Dataset entries
______________________________
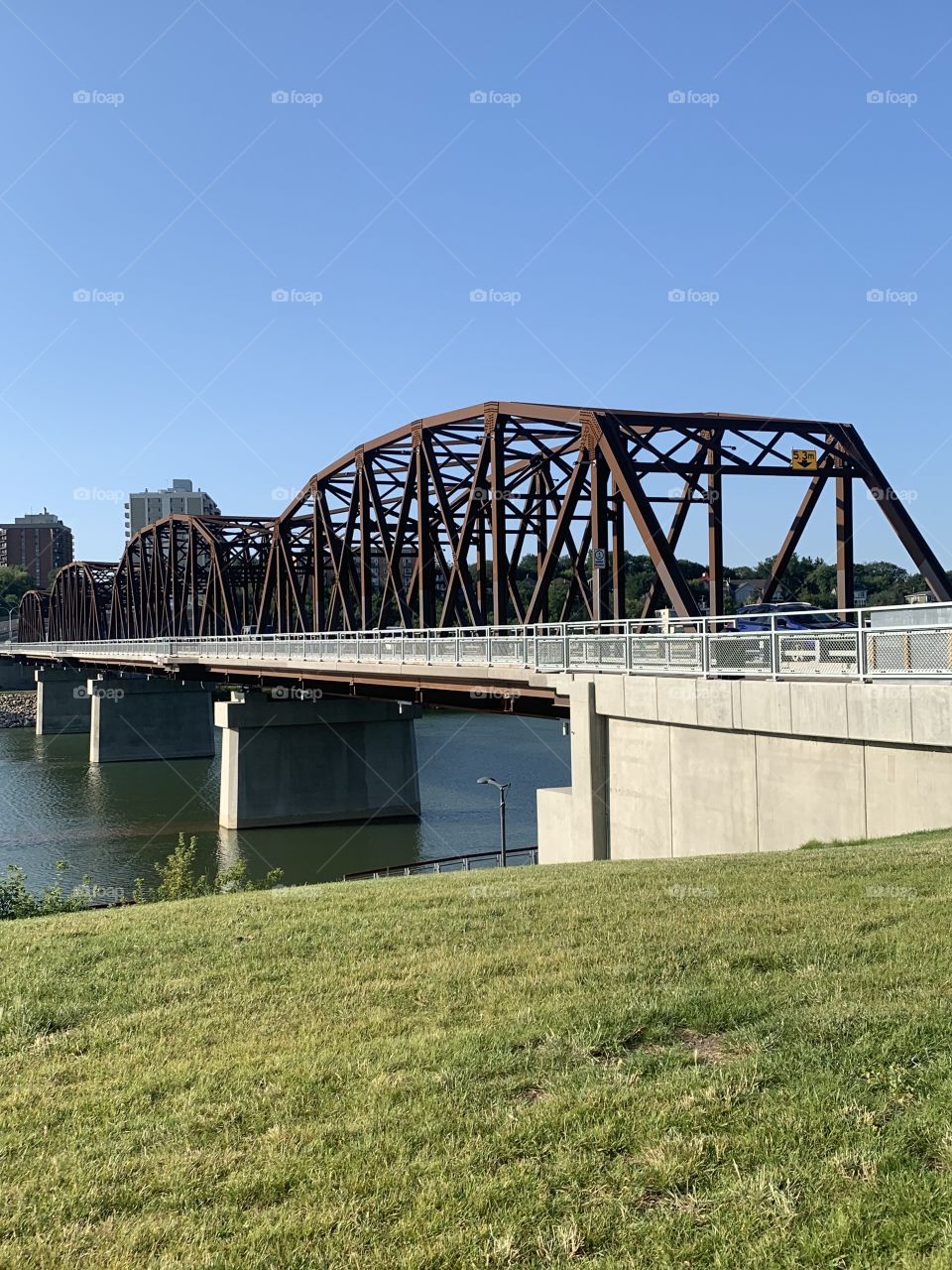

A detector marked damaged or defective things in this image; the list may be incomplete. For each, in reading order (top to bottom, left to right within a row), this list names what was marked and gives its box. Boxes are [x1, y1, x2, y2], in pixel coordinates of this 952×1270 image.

rusty brown steel truss [16, 401, 952, 640]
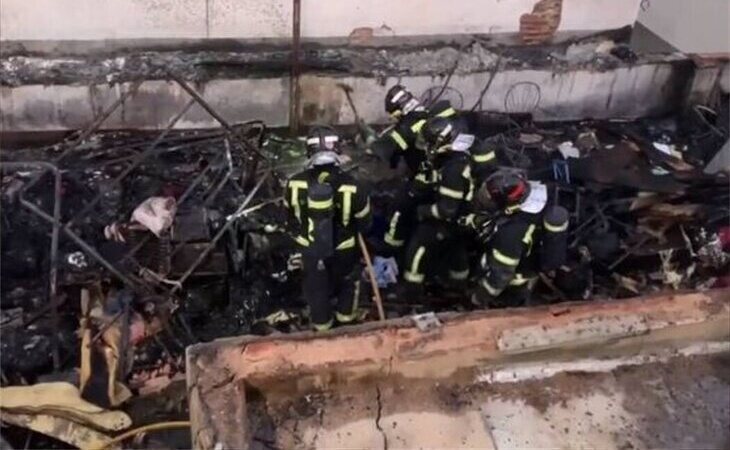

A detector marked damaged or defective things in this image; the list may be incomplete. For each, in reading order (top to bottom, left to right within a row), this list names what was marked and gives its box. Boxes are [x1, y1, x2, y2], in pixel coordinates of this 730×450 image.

burned debris pile [0, 95, 724, 446]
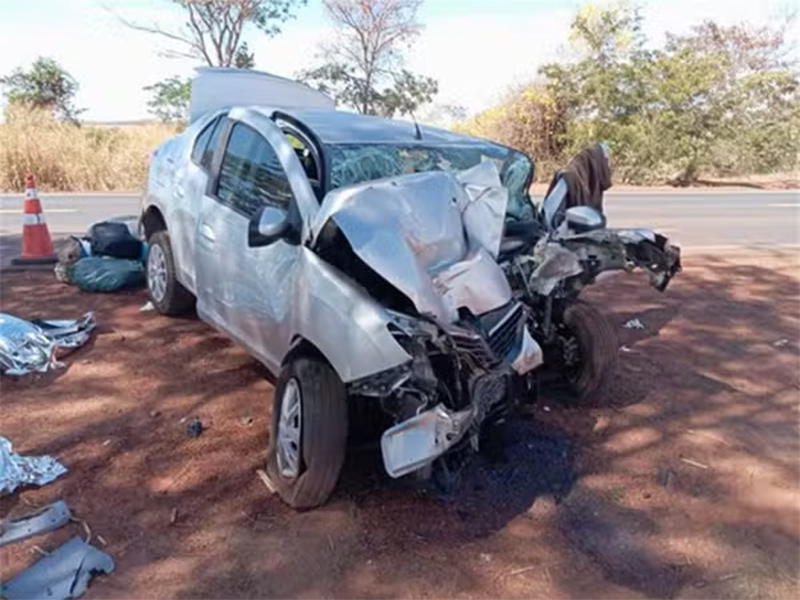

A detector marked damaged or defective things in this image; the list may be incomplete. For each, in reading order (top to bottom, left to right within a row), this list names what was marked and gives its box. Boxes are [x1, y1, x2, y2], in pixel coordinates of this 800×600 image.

severely damaged car [141, 71, 680, 510]
detached hood [312, 161, 512, 324]
shattered windshield [328, 143, 536, 220]
torn bumper [380, 404, 472, 478]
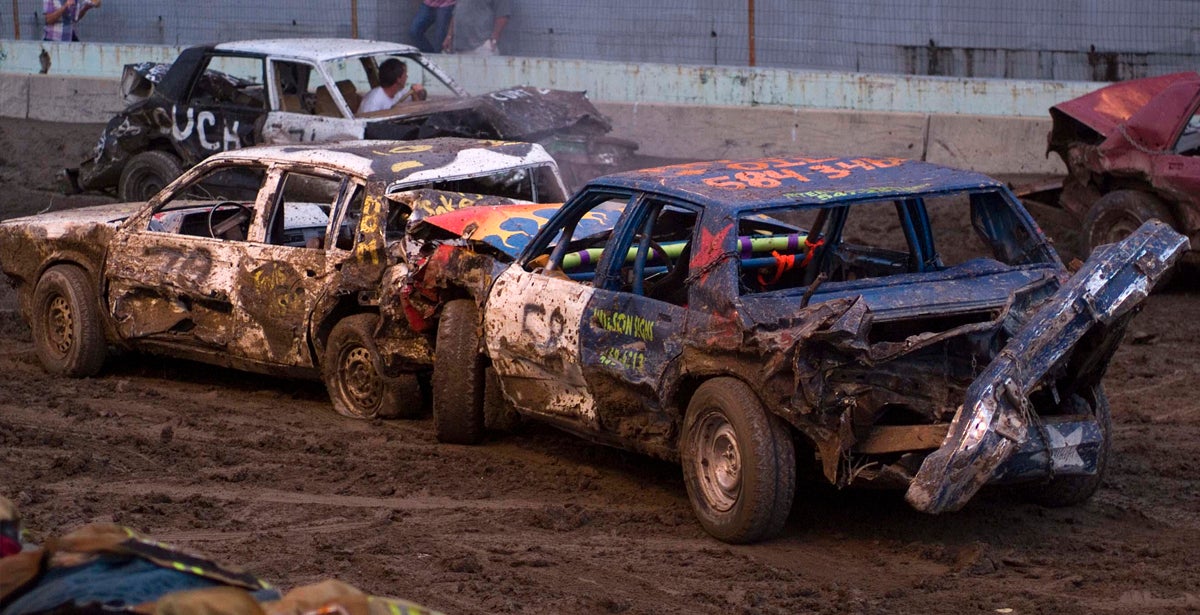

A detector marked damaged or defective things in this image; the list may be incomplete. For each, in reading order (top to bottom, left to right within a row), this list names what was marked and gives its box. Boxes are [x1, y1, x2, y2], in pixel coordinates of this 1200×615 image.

rusty wheel rim [45, 294, 73, 355]
rusty wheel rim [340, 345, 381, 413]
broken fender [907, 221, 1190, 514]
rusty wheel rim [696, 410, 739, 511]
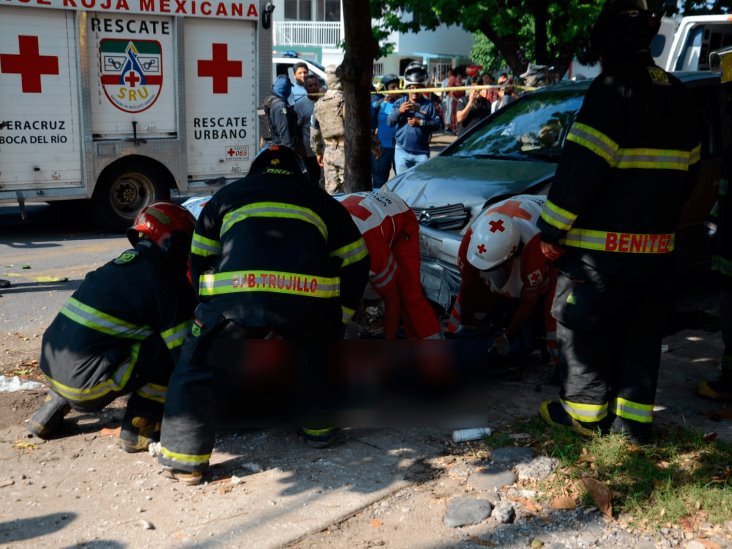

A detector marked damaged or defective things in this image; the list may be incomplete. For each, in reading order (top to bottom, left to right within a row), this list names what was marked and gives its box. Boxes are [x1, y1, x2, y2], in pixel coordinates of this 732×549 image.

crashed silver car [386, 73, 724, 312]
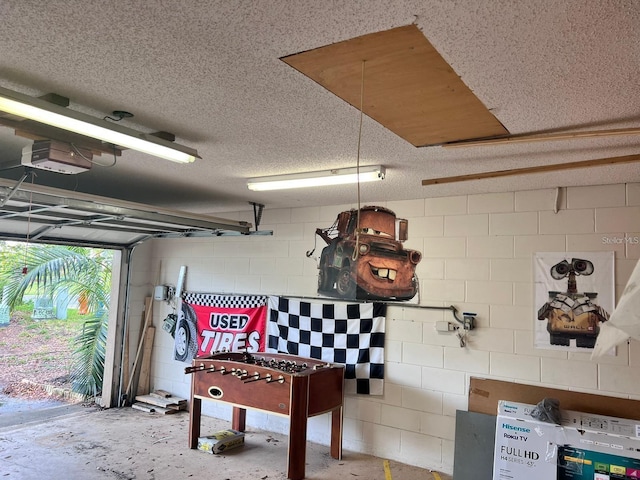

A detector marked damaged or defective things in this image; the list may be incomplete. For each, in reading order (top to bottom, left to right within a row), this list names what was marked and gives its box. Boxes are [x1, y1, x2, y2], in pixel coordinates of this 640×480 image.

rusty truck face decoration [314, 205, 420, 300]
rusty truck face decoration [536, 256, 608, 346]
______________________________
### Exercise requirements
Could you set down exactly the lines above, from the one containing "this 640×480 image." through the last, including both and nothing else?

### Your solution
A detector marked damaged or defective things in this image; the list may be incomplete. For each, in reading order (top to bottom, left to right within a row), this list names what was marked and gives its box. Boxes are [x1, y1, x2, y2], in pixel coordinates of this 640×480 image.

rusty truck face decoration [314, 205, 420, 300]
rusty truck face decoration [536, 256, 608, 346]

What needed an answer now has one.